Caught between revolutionary and parliamentary politics, Ellen fights with an unstoppable, reckless energy for a better world. Running (quite literally in some cases) into the likes of Albert Einstein and Ernest Hemingway, she battles to save Jewish refugees in Nazi Germany; campaigns for Britain to aid the fight against Franco's Fascists in Spain; and leads 200 workers in the Jarrow Crusade, marching from Newcastle through Nottingham and the Midlands all the way to London, delivering a petition which aimed to end unemployment and poverty. She serves as a vital member of Churchill's cabinet, and has affairs with communist spies and government ministers. But, despite all of this, she still finds herself - somehow - on the outside looking in.
With casting to be announced, Red Ellen will be directed by Wils Wilson (Life is a Stream and The Strange Undoing of Prudencia Hart - National Theatre of Scotland, I Want My Hat Back - National Theatre, Twelfth Night - Bristol Old Vic).
Moving into early summer comes the world premiere of Nathaniel Price's First Touch which runs from 7 to 21 May.
Clayton James, a 17-year-old Nottingham lad, dreams of becoming the next Viv Anderson. With a prodigious talent, the offer of a professional contract at a First Division club and a growing romance with girlfriend Serena, he appears to have the world at his feet.
But life at the beginning of the 1980s isn't easy for Clayton and his family, trying to make it in an era of racism and hooliganism. And Clayton's steelworker dad Patterson faces an uncertain future as the Thatcher government faces off against the unions.

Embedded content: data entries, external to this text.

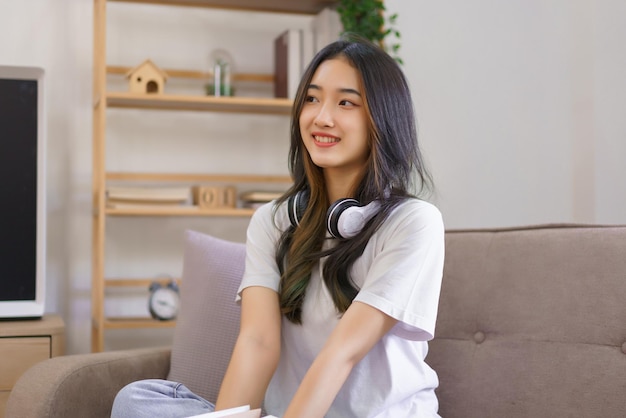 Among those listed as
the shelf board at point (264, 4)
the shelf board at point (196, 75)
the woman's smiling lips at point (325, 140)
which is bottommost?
the woman's smiling lips at point (325, 140)

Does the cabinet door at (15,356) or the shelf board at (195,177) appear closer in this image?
the cabinet door at (15,356)

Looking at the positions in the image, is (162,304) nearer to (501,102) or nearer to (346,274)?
(346,274)

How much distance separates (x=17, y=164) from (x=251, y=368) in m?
1.38

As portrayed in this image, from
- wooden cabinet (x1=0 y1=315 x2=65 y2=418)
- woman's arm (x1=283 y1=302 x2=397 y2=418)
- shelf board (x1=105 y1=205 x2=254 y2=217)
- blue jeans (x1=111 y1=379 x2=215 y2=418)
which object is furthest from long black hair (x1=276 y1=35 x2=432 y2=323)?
shelf board (x1=105 y1=205 x2=254 y2=217)

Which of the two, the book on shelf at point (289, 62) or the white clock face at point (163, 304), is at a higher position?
the book on shelf at point (289, 62)

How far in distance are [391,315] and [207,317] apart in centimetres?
63

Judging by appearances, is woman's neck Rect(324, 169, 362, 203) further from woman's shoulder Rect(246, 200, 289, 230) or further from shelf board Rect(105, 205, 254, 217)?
shelf board Rect(105, 205, 254, 217)

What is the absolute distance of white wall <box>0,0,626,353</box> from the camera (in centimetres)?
303

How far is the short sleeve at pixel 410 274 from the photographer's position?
150 centimetres

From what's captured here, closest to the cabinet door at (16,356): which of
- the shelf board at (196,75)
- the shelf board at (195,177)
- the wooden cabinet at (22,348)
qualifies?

When his charismatic and powerful former coach, Lafferty, returns after four years away, Clayton is forced to confront painful memories of the past. Can he protect his loved ones from the truth of what he endured?
Inspired by the recent football abuse scandals, First Touch is a gripping and heartfelt drama about what it takes to fulfil your dreams, by rising screenwriter Nathaniel Price (BBC's Noughts and Crosses and Sky's Tin Star). Directed by Jeff James (Persuasion - Royal Exchange Manchester, Noah and The Peacock - Nottingham Playhouse), the set and Costume Designer is Charlotte Espiner, Lighting Designer Hansjörg Schmidt, Sound Designer Kieran Lucas and Casting Director Polly Jerrold.
Rounding off the season comes the eagerly awaited new musical adaptation Erik Kästner's novel The Parent Trap, Identical, which runs from 26 July to 14 August.
This twin-sational world stage musical premiere tells the classic story of twin girls separated at birth, reunited by chance at a summer camp ten years later. In an attempt to get to know their parents and reconcile the two halves of their family, they decide to swap places and live each other's lives.
Identical is directed by Olivier and Tony award-winning Sir Trevor Nunn, who is responsible for some of the greatest hits in the world (Les Miserables, Starlight Express, Cats and Sunset Boulevard). Music and lyrics are by George Stiles and Anthony Drewe, the multi award-winning writers of the West End hit Honk!, who also created a new score for the international smash-hit Cameron Mackintosh/Disney production of Mary Poppins, and a book by Stuart Paterson.
Artistic Director of Nottingham Playhouse Adam Penford says -
"I'm proud that our Spring/Summer season contains four back-to-back world premieres. New writing is the heartbeat of theatre and we wanted to give the space over to living writers and their unique voices.
Many freelance theatremakers suffered over the last 18 months, and we were determined to honour our commitment to projects which had been interrupted by Covid, celebrating the rich talents of the freelance artists we work with.
The productions are linked by a search for belonging, identity and family; what is our place in the world and how do we connect with those around us."